If import duty is removed during the current season, the biggest risk is not only cheaper imports. The bigger risk is weaker farmer confidence.
Cotton farmers are already dealing with rising cultivation costs, climate uncertainty, and unstable returns. In many cases, they do not fully benefit even when prices improve, because they are forced to sell early due to urgent cash needs, debt repayment, and limited
storage options. If, after all this, policy opens the door to cheaper imports just when domestic prices begin to strengthen, the message to farmers is deeply discouraging: whenever the market turns in their favour, that upside may not last.

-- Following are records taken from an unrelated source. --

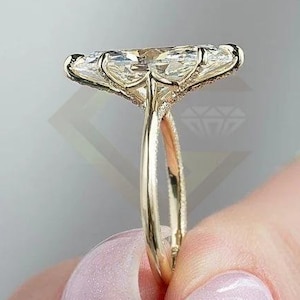 2CT Marquise Cut Engagement Ring Unique Marquise Cut Moissanite Ring 14K Solid Gold Ring Lab Grown Diamond Wedding Ring Promise Ring For Her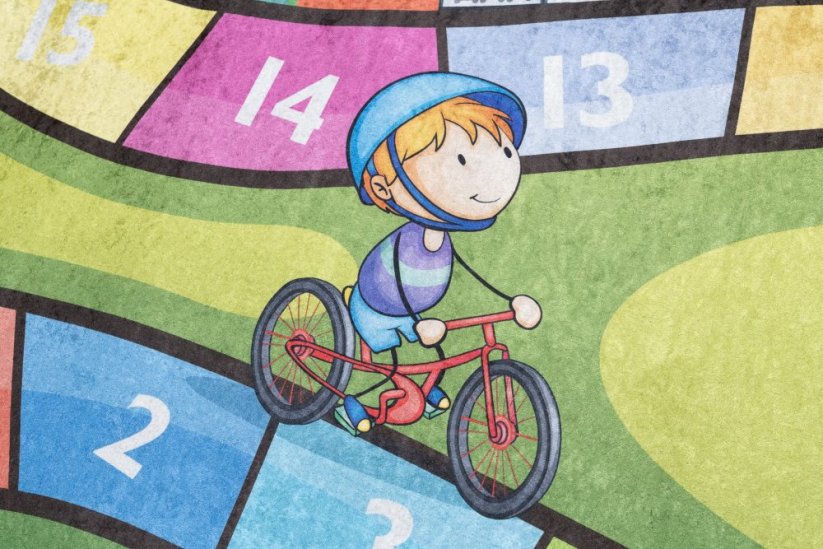 Детски килим с мотив на спортуващи деца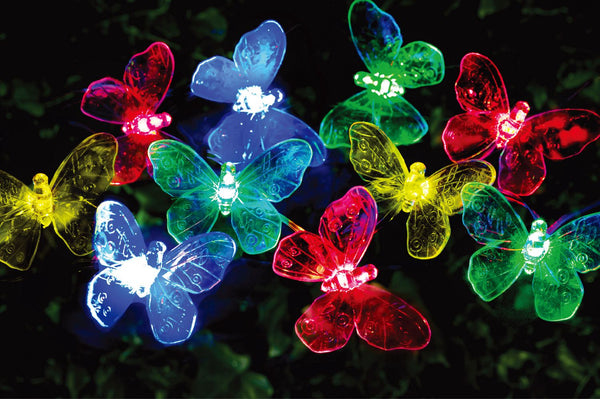New in package! hometrends Solar Powered Butterfly LED String Lights, multi-colour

That kind of signal can affect more than sentiment. It can influence sowing decisions, reduce willingness to invest in cotton, and weaken the long-term confidence needed to sustain India’s fibre base.
This is why the debate is bigger than import duty alone. It is about how India balances the interests of farmers, mills, and the wider cotton economy.

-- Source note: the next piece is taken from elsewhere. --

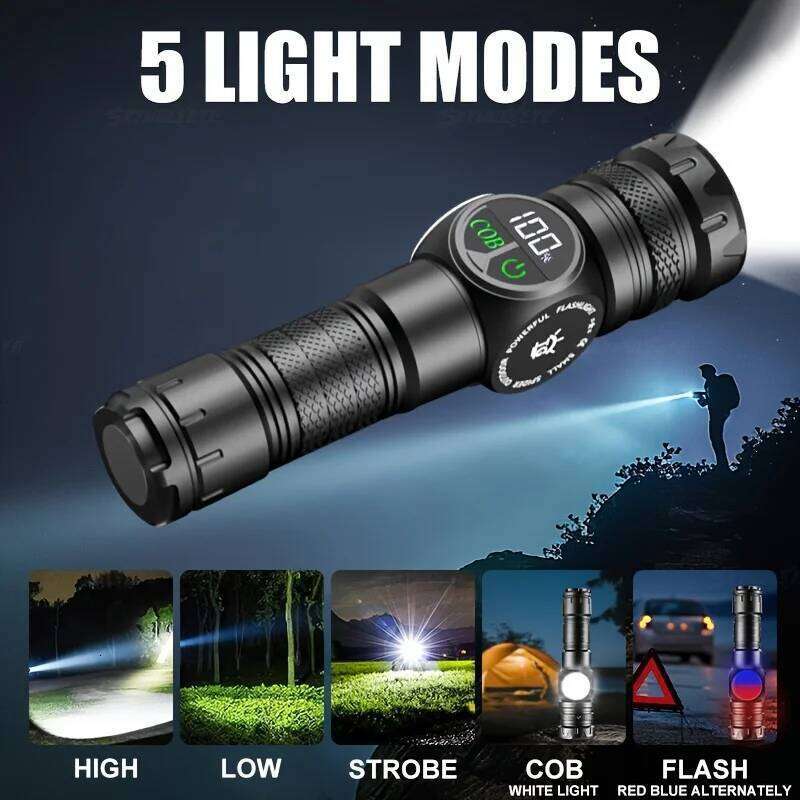 Super Bright LED Flashlight USB Rechargeable Flash light Long Range Tactical Torch Outdoor Waterproof Camping Fishing Lantern Z260301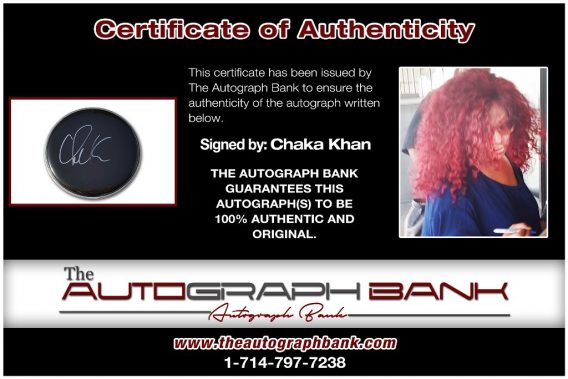 Chaka Khan proof of signing certificate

A healthy textile sector is important. Mills do need support when input costs rise and market demand remains weak. But that support should not come at the cost of undermining cotton growers and the rural economy built around them. Farmers, ginners, and the domestic cotton value chain should not bear the burden of solving industrial stress alone.
A better approach is balanced support.
If relief is needed for the textile industry, the government can consider targeted measures such as interest subsidy, power tariff relief, export incentives, technology upgradation support, and faster implementation of a well-designed **Bhavantar Yojana**. This can protect farmer interests while also ensuring smooth cotton fibre flow in the market.
That is the real policy need today: not a choice between farmers and mills, but a framework that protects both.
Cotton is not just a raw material. It is the livelihood base of millions, the backbone of rural trade, and the foundation of India’s textile strength. If India wants true fibre security, it must begin by protecting the confidence of those who grow that fibre.
Because in the end, a strong cotton economy cannot be built by weakening the farmer.